It’s worth noting that there was an armed resource officer at the school that morning. However, a person with hate in their heart and a gun in their hand will always have the element of surprise on their side.

There are many questions yet to be answered. Why did the shooter decide to do this? And how was he able to get his hand on a loaded gun?  Who did the gun belong to?  Most school shooters use guns from home, guns that are not secured.  Guns that are accessible.  Storing guns responsibly not only prevents kids from unintentionally shooting themselves or someone else, they also can prevent tween and teen firearm suicides. And, they can prevent school shootings.

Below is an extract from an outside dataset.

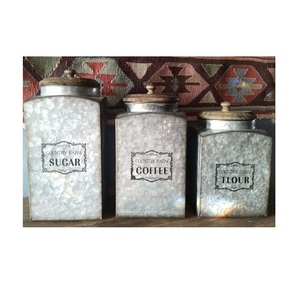 Galvanized Container <b>Lid</b> <b>Decorative</b> Metal Iron Natural Canister Ribbed Metal <b>Decorative</b> Handmade Rustic Finished - Product Image 4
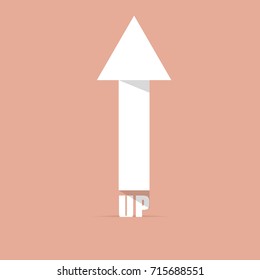 White arrow sign.Site navigation.User interface element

There are other questions, too.  Why does our country continue to accept these shootings as inevitable?  Why do we accept that they happen over and over? These shootings happen in big schools and small schools. They happen in urban cities, affluent suburbs, and rural towns. The only common denominator of course is guns. And, almost all the shooters are white males. No one ever thinks it will happen where they live or at their kids’ school. But in our country, they happen often. Most are barely even covered on the news.

It doesn’t have to be this way, you know. It’s not like this in other developed countries. There are not more “mentally ill” people in other counties. There are not more video games in other countries. There are not more “evil” people in other countries. But, there are not more guns than people in other countries, either.

Did you know that last year, there were 44 school shooting incidents in elementary and secondary schools resulting in 25 child deaths and 60 child injuries? Probably not because in the news cycle these days, the only shootings that get much media attention, whether they are at schools or anywhere else, are the ones with dozens of fatalities.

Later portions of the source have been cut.